Il diabete tipo 1 troppo spesso non viene diagnosticato se non in età adulta

Il diabete tipo 1 troppo spesso non viene diagnosticato se non in età adulta

Quasi il 40% degli adulti con diabete di tipo 1 non viene diagnosticato se non dopo i 30 anni di età e con maggiore frequenza negli uomini. Il dato emerge da uno studio condotto a Baltimora, Maryland, USA, su 947 adulti con diabete tipo 1 e pubblicato sulla rivista scientifica Annals of Internal Medicine nel settembre 2023.

“Il diabete di tipo 1 insorto in età adulta è spesso erroneamente diagnosticato come diabete di tipo 2, con conseguenti cure inappropriate”, scrivono Michael Fang, PhD, MHS e colleghi nello studio. “Dati emergenti suggeriscono che fino al 62% dei casi di diabete di tipo 1 si sviluppa dopo i 20 anni”.

Il diabete di tipo 1 può spesso essere difficile da distinguere dal diabete di tipo 2 a causa della presenza di sintomi lievi, spiegano i ricercatori. Tuttavia, hanno sottolineato che gli studi sinora condotti sono stati svolti solo su popolazioni cliniche selezionate.

Chiarire il peso del diabete di tipo 1 dell’adulto nella popolazione generale può aiutare a ridurre le diagnosi errate.

Gli Autori hanno analizzato i dati del National Health Interview Survey raccolti dal 2016 al 2022. L’analisi si è concentrata su una campione di 947 adulti con diabete di tipo 1, che rappresentano circa 1,3 milioni di adulti negli Stati Uniti.

Complessivamente, è emerso che al 37% degli adulti è stato diagnosticato il diabete di tipo 1 dopo i 30 anni di età. L’età mediana alla diagnosi nell’intera popolazione dello studio era di 24 anni.

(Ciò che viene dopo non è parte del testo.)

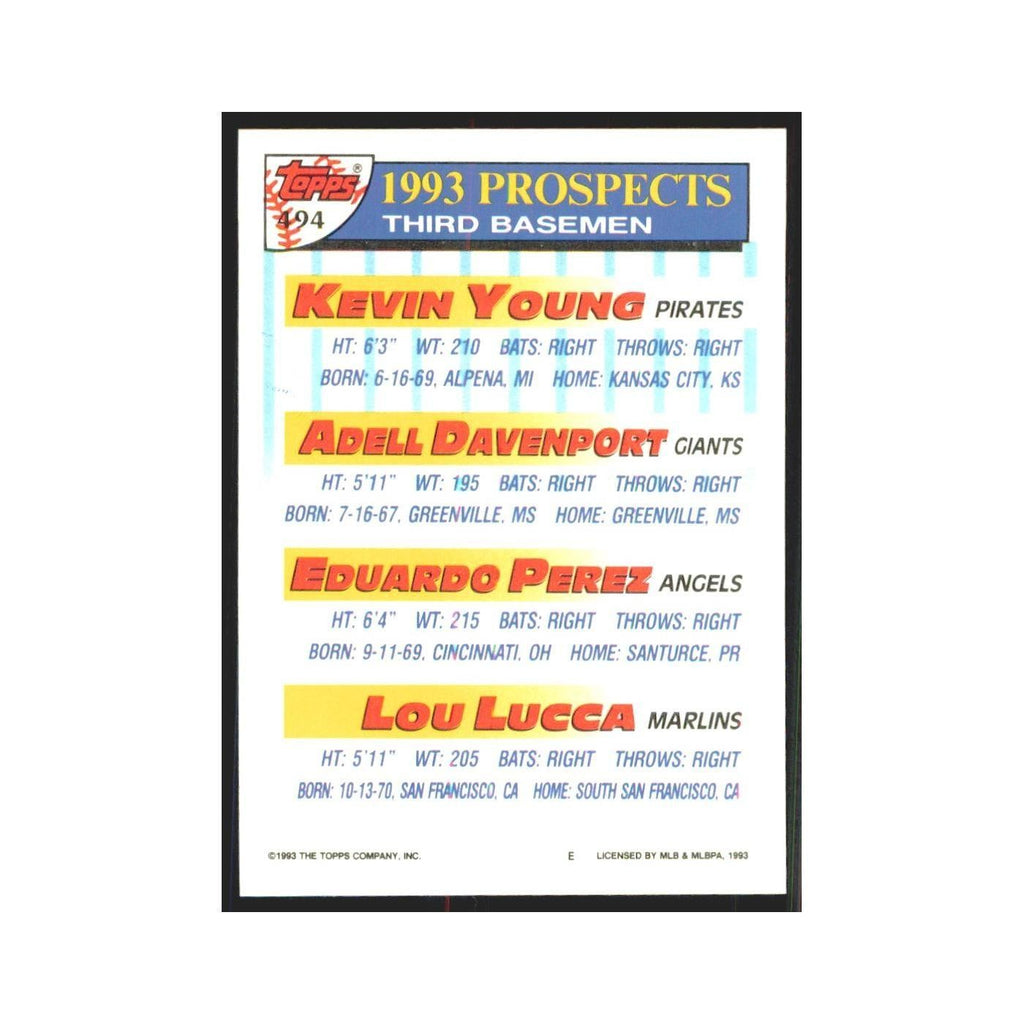 1993 Kevin Young/Adell Davenport/Eduardo Perez/Lou Lucca Pittsburgh Pirates/San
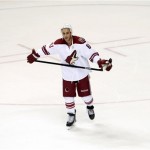  Phoenix Coyotes center Mike Ribeiro skates off the ice after the Coyotes lost to the Nashville Predators 4-2 in an NHL hockey game Monday, Nov. 25, 2013, in Nashville, Tenn. (AP Photo/Mark Humphrey)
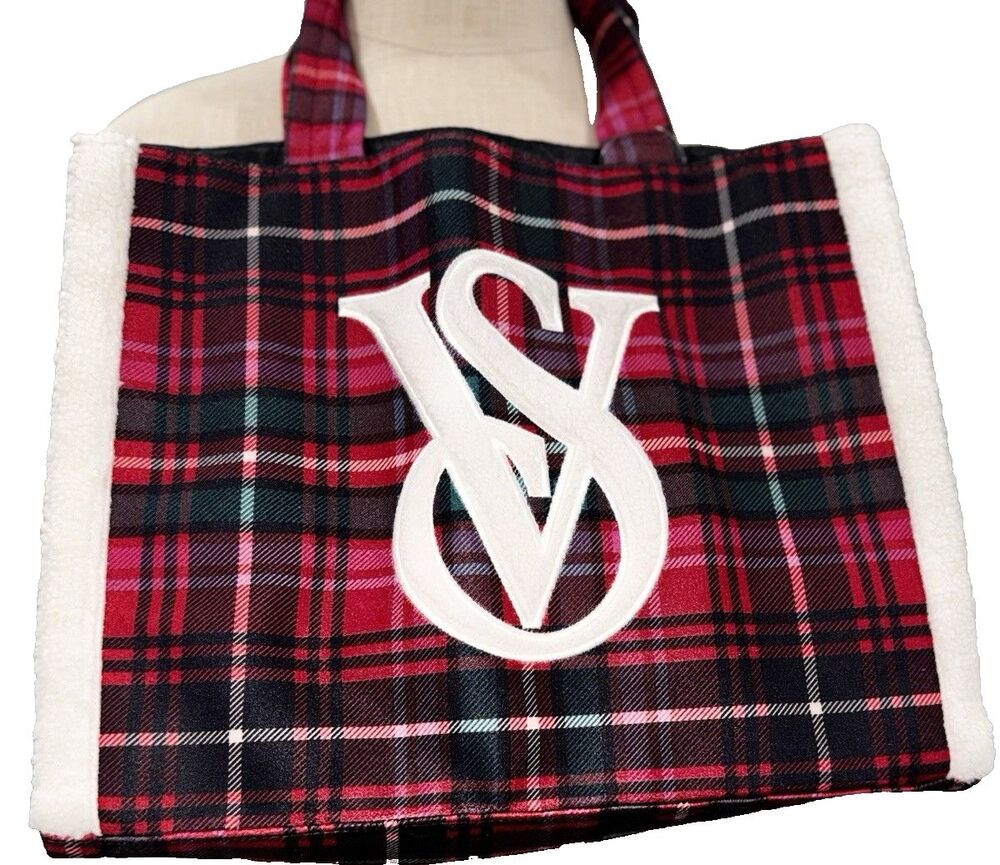 NWT VICTORIA'S SECRET Red Plaid Holiday Logo Plaid Holiday Tote Bag (Orig. $60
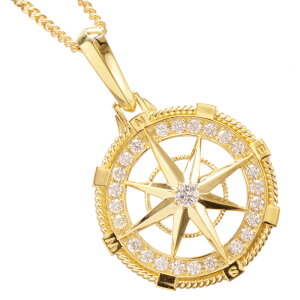 【マラソン同時開催★10%OFFクーポン】ネックレス メンズ K18 18K 18金 喜平 ダイヤモンド 方位磁針 コンパス ペンダント イエローゴールド 徳力 10g 50cm 喜平チェーン 日本製 刻印入り 鑑別書付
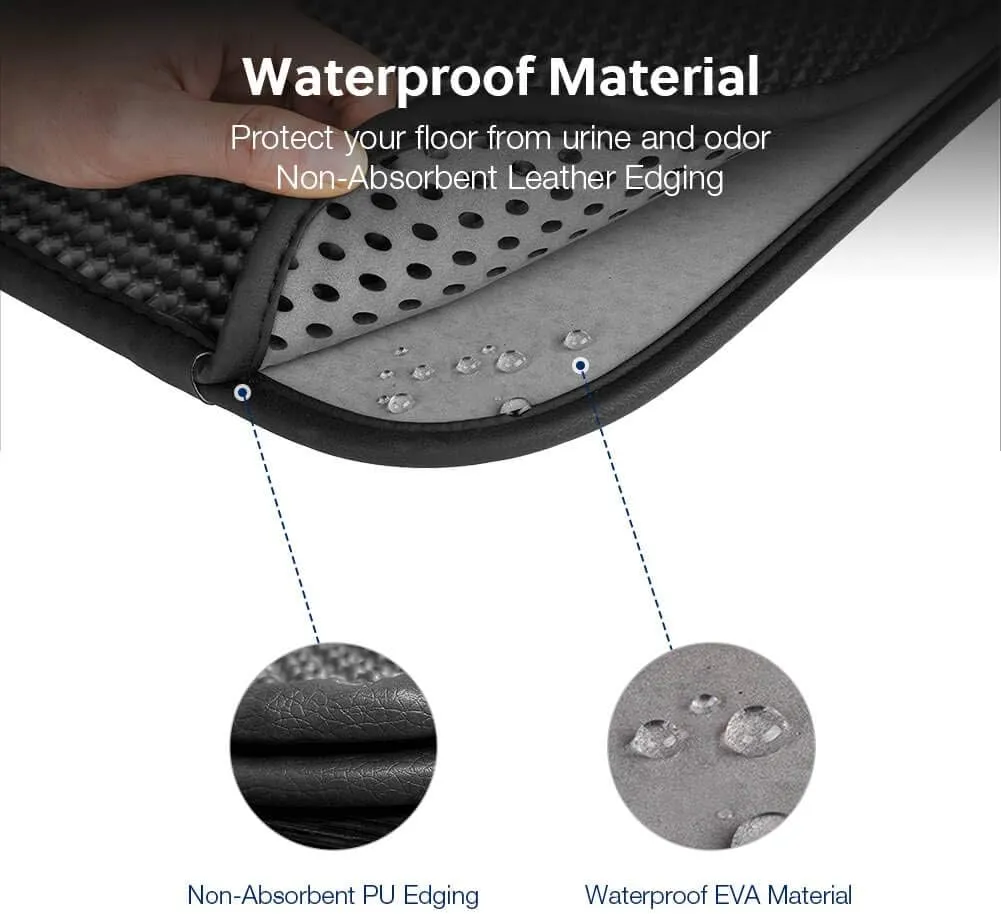 WePet Cat Litter Mat, Kitty Litter Trapping Mat, Honeycomb Double Layer Mats, No Phthalate, Urine Waterproof, Easy Clean, Scatter Control, Catcher Litter Tray Box Rug Carpet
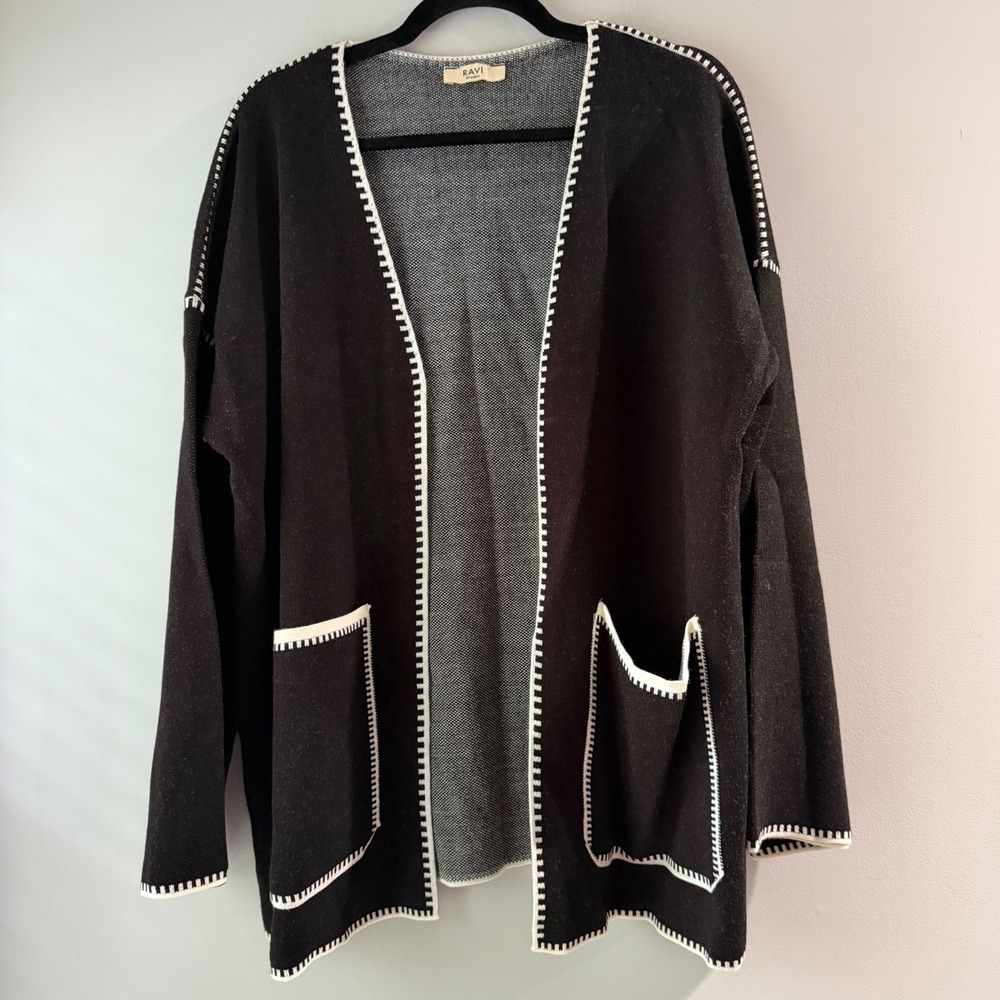 Ravi Istanbul Cardigan Womens OS Black White Cotton Open Front Blanket Stitch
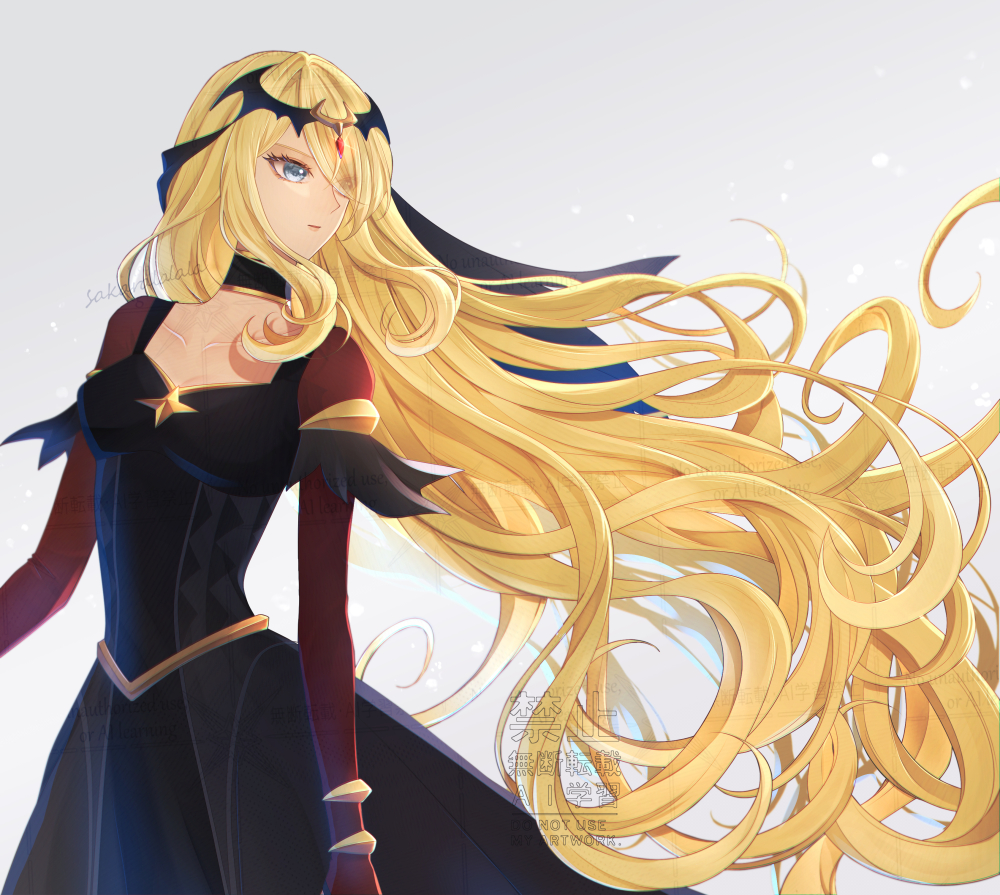 1girl, black_dress, blonde_hair, blue_eyes, breasts, collarbone, cowboy_shot, cynthia_(pokemon)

Inoltre, il diabete di tipo 1 è stato diagnosticato più tardi per gli uomini rispetto alle donne (età mediana, 27 anni contro 22) e per gli adulti provenienti da contesti razziali ed etnici diversi rispetto agli adulti bianchi non ispanici (età mediana, 26-30 anni contro 21).

“I test degli autoanticorpi e del C-peptide sono raccomandati per la diagnosi negli adulti in cui si sospetta la presenza di diabete di tipo 1”, scrivono i ricercatori. “Tuttavia, il modo migliore per identificare gli adulti ad alto rischio rimane a tutt’oggi poco chiaro”.

Fang e colleghi hanno riconosciuto diversi limiti dello studio. Ad esempio, è possibile che vi siano stati errori di classificazione dovuti all’autodichiarazione del tipo di diabete e dell’età alla diagnosi, e le informazioni sulle misure diagnostiche chiave non erano incluse nel sondaggio.

“Gli strumenti che integrano misure cliniche e biomarcatori potranno migliorare l’accuratezza della diagnosi per questi pazienti”, hanno concluso i ricercatori.